:: WORK REQUIRED ::
Begin at the line below that has "20, ABBEY GREEN, SPENNYMOOR, DL16". Stop after the line that has "Chal de piel", repeating each line exactly and leaving out the pictures.

*** RECORDS PROVIDED ***

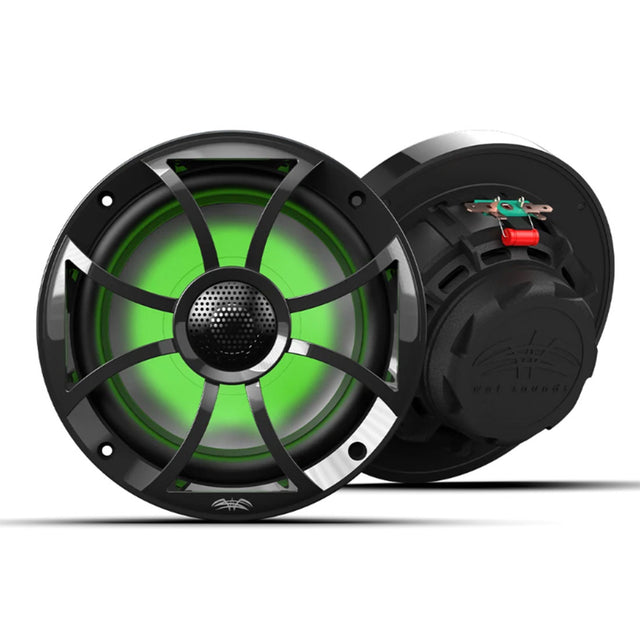 Wet Sounds RECON6-BGRGB 6.5" Marine Speakers with RBG LED Lighting - Black - Pair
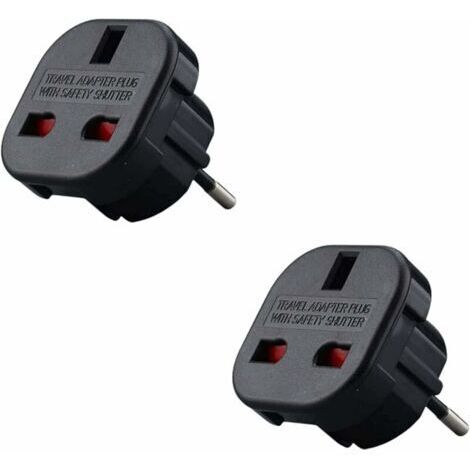 VURAHOME - Lot de X2 - Adaptateur Prise Anglaise vers France - Adaptateur Anglais Franais - Type G vers Type C - Compact et Léger - Protège des Surtensions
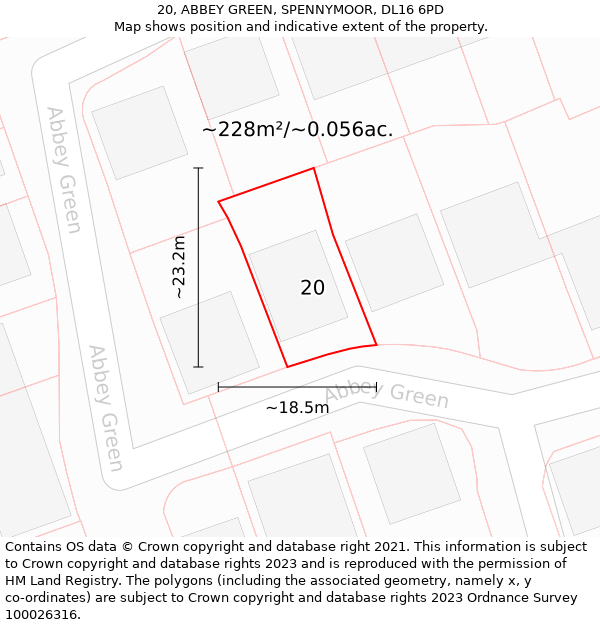 20, ABBEY GREEN, SPENNYMOOR, DL16 6PD: Plot and title map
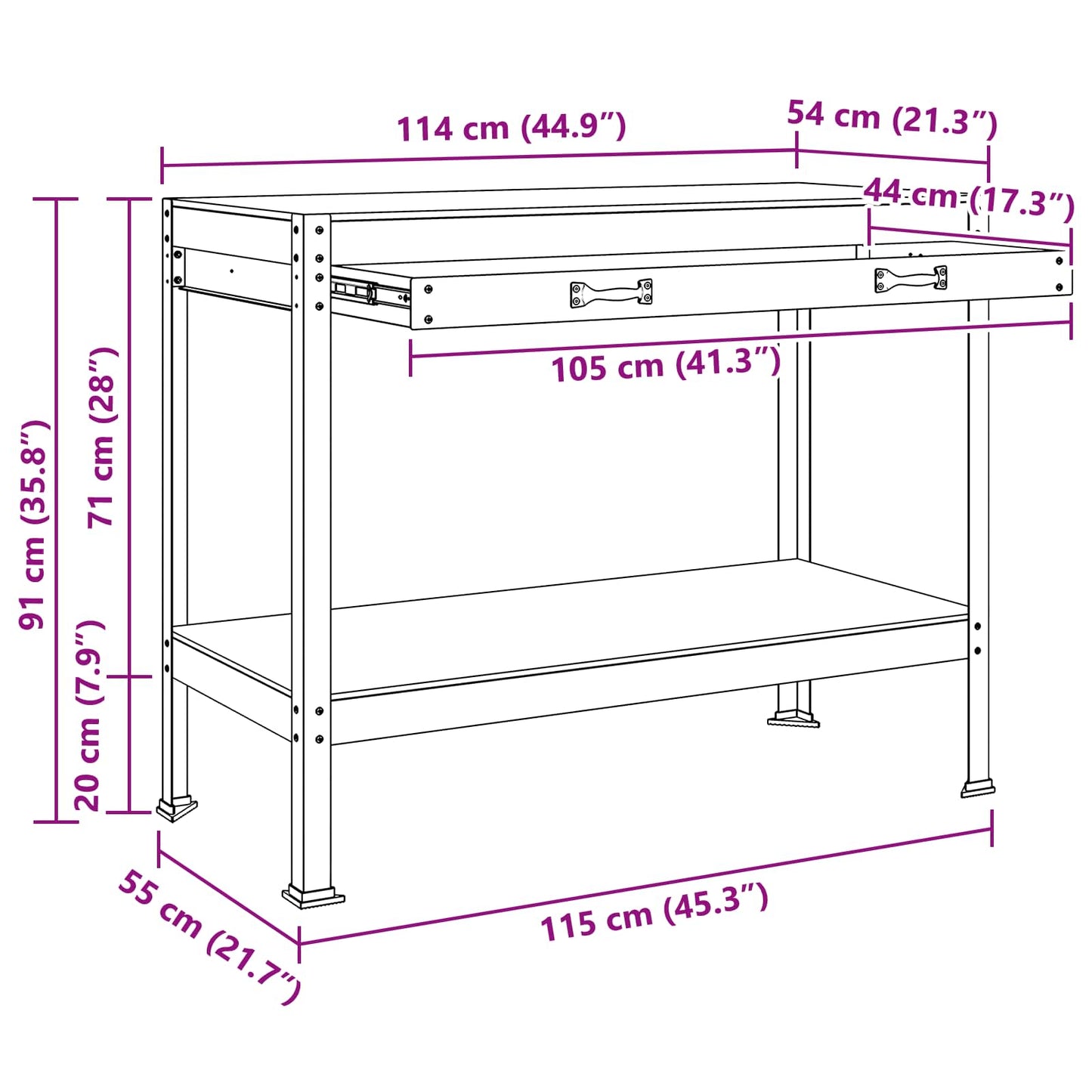 Workbench Black 114 x 54 x 91 cm Engineered Wood and Metal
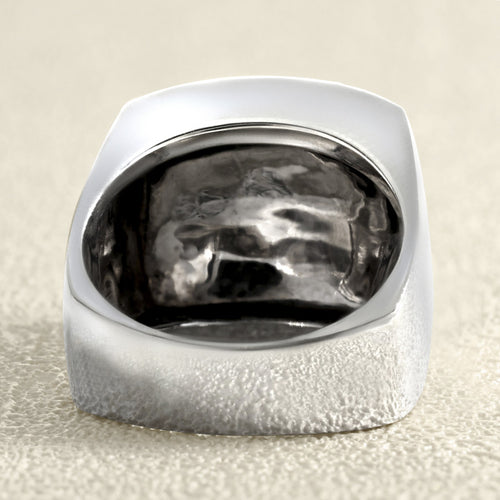 Bague 59 Bague en or blanc 18 carats, nacre noire et diamants 58 Facettes OC-61E00501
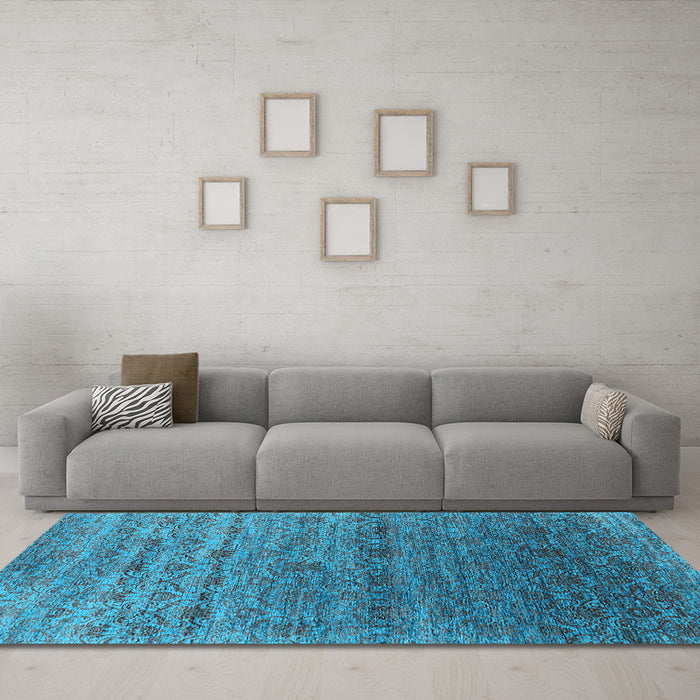 Machine Washable Oriental Light Blue Industrial Rug in a Living Room, wshurb1526lblu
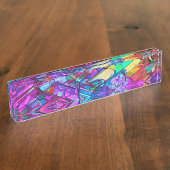 Farbenfrohe Regenbogenfarben Namensplakette (Seite)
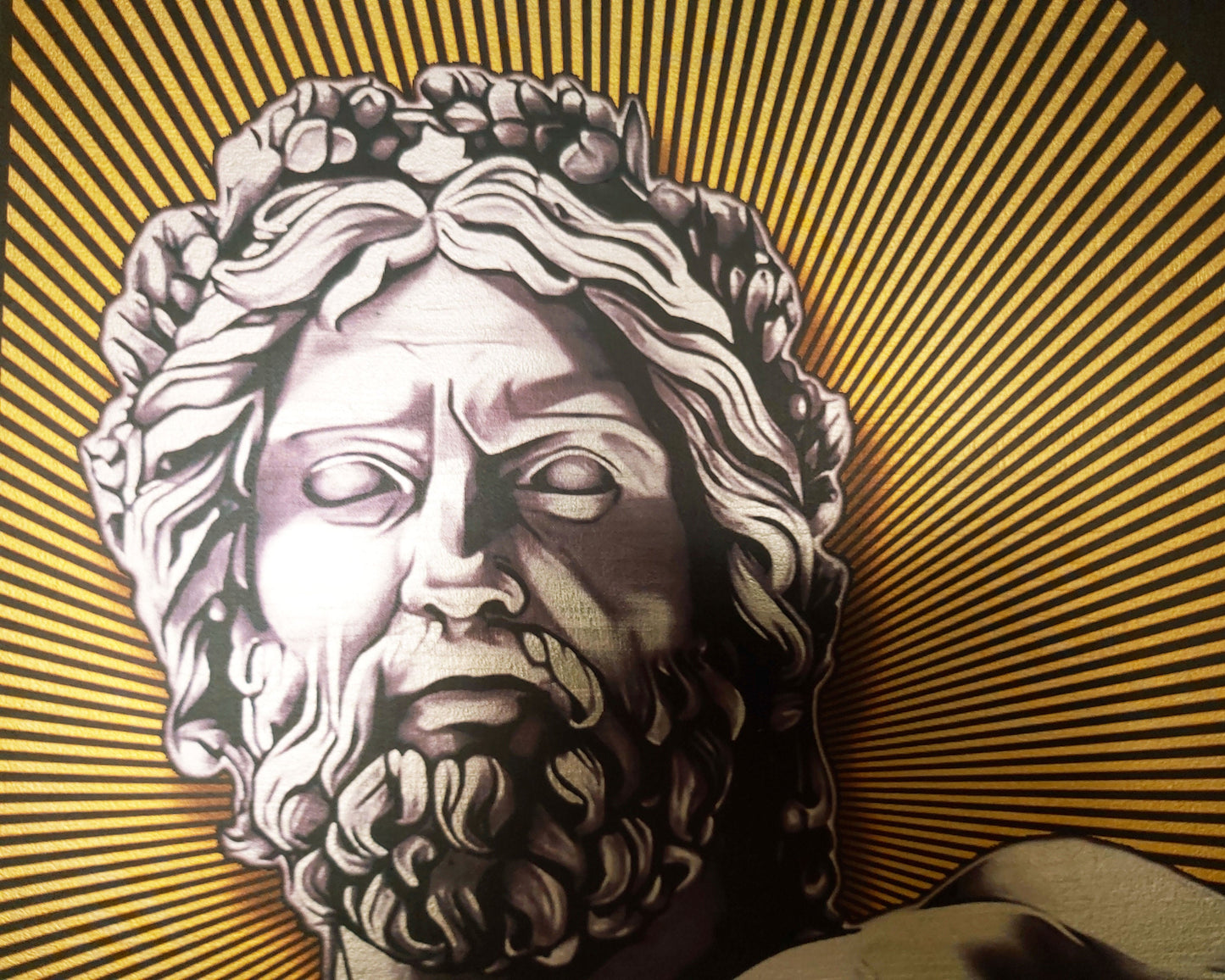 Statue of Zeus at Olympia - Handmade Wall Art Decor - Wooden MDF 8mm-Silver Leafs Design Greek Mythology Roman Religion MUST check out Video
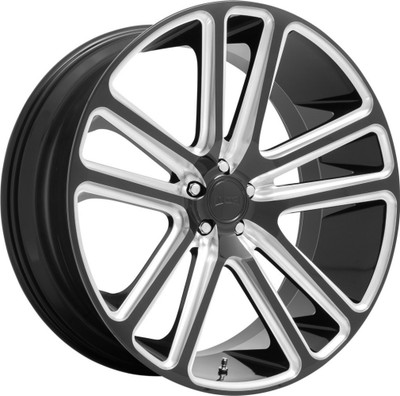 (Clearance - No Returns) 24x10 DUB Flex Gloss Black Milled S255 6x135 30mm
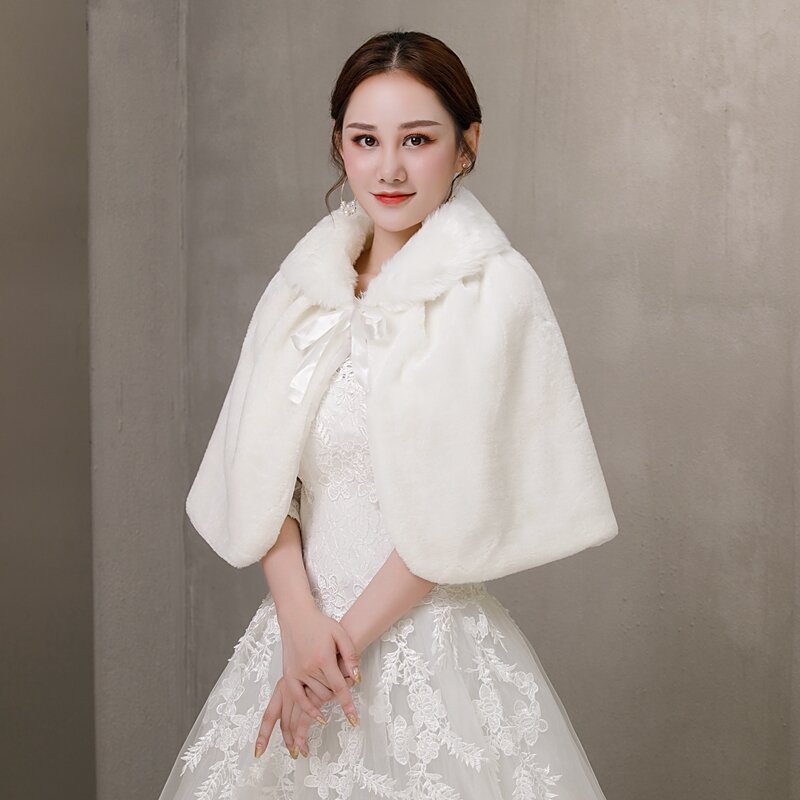 Chal de piel sintética de marfil para novia, Bolero cálido de invierno con cinta, accesorios de boda, disponible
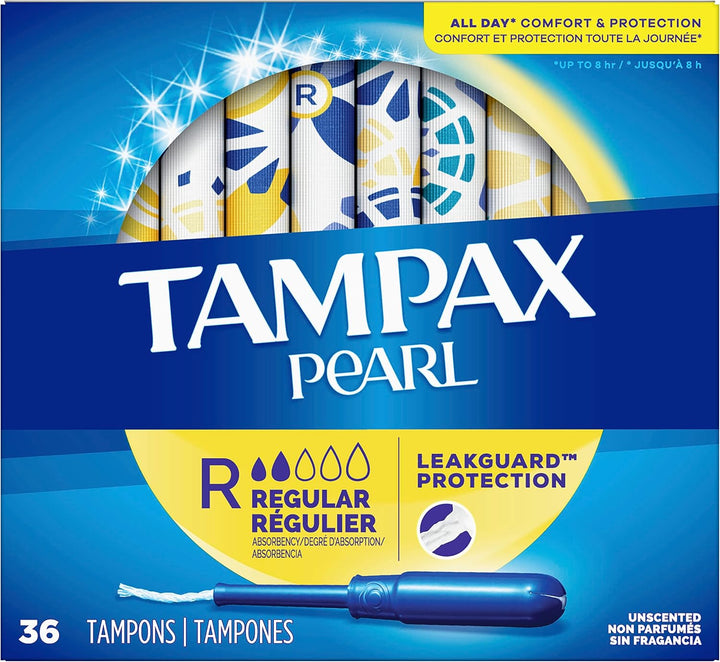 Pearl Tampons Multipack, Regular/Super Absorbency, with Leakguard Braid, Unscented, 34 Count
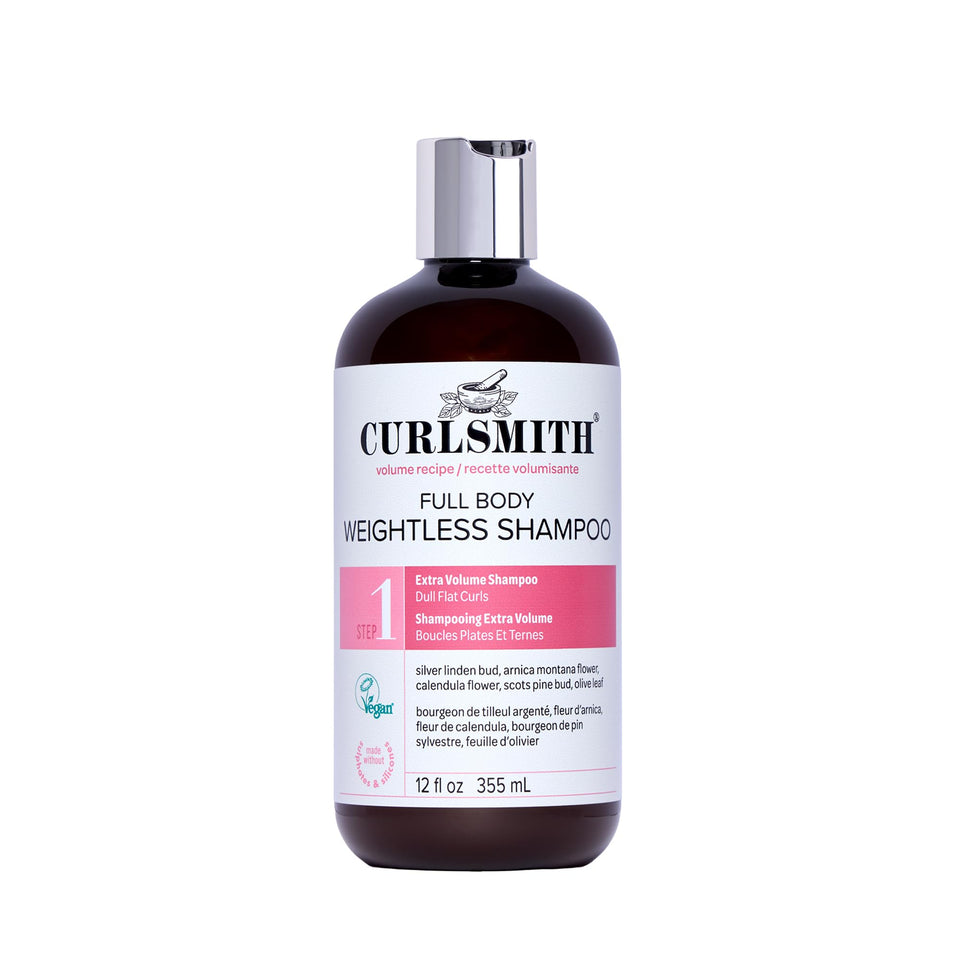 CURLSMITH front packaging showing volumizing shampoo benefits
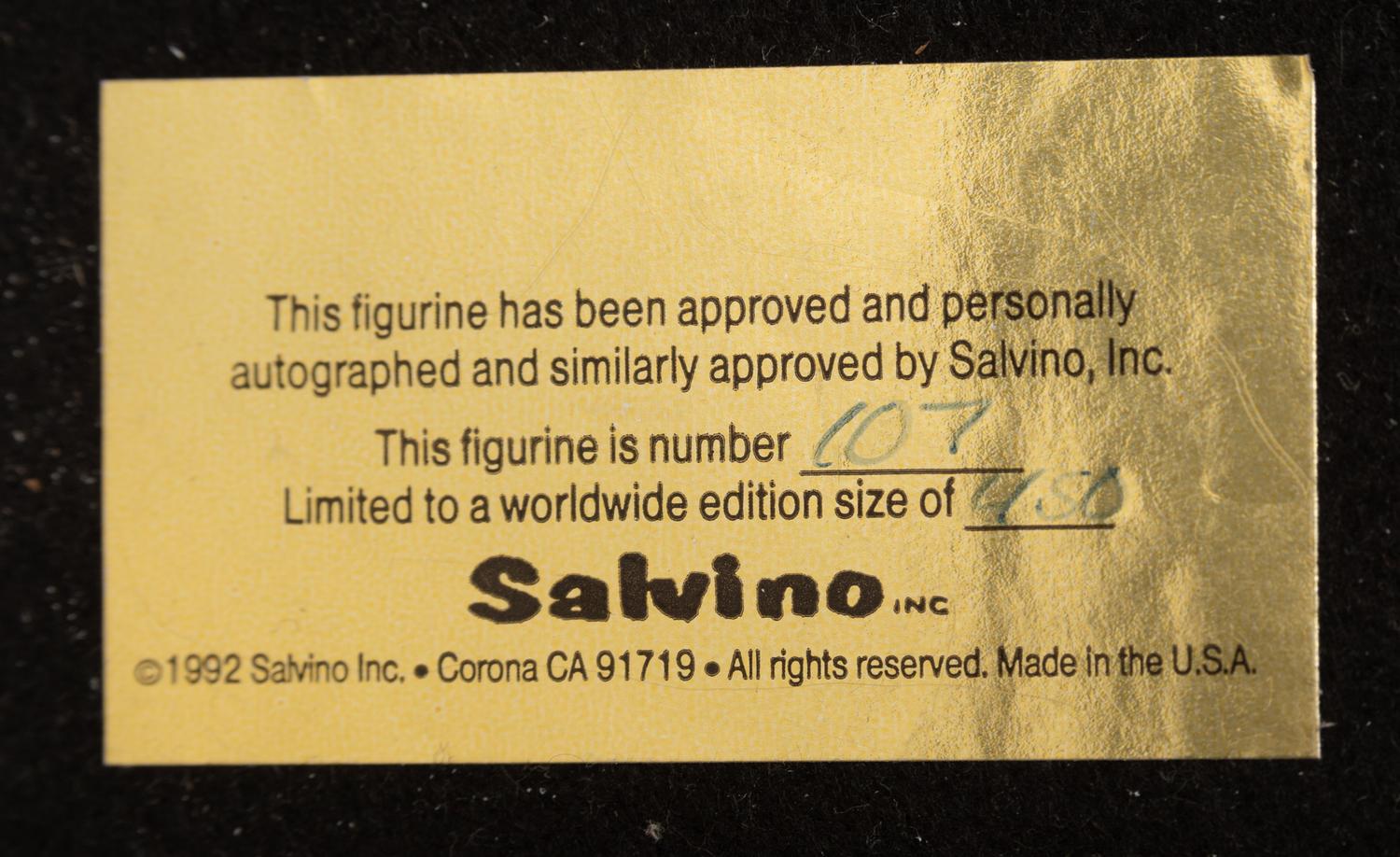A Joe Montana Signed Autograph Salvino Figure,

*** End of RECORDS PROVIDED ***

:: ANSWER SECTION ::
 20, ABBEY GREEN, SPENNYMOOR, DL16 6PD: Plot and title map
 Workbench Black 114 x 54 x 91 cm Engineered Wood and Metal
 Bague 59 Bague en or blanc 18 carats, nacre noire et diamants 58 Facettes OC-61E00501
 Machine Washable Oriental Light Blue Industrial Rug in a Living Room, wshurb1526lblu
 Farbenfrohe Regenbogenfarben Namensplakette (Seite)
 Statue of Zeus at Olympia - Handmade Wall Art Decor - Wooden MDF 8mm-Silver Leafs Design Greek Mythology Roman Religion MUST check out Video
 (Clearance - No Returns) 24x10 DUB Flex Gloss Black Milled S255 6x135 30mm
 Chal de piel sintética de marfil para novia, Bolero cálido de invierno con cinta, accesorios de boda, disponible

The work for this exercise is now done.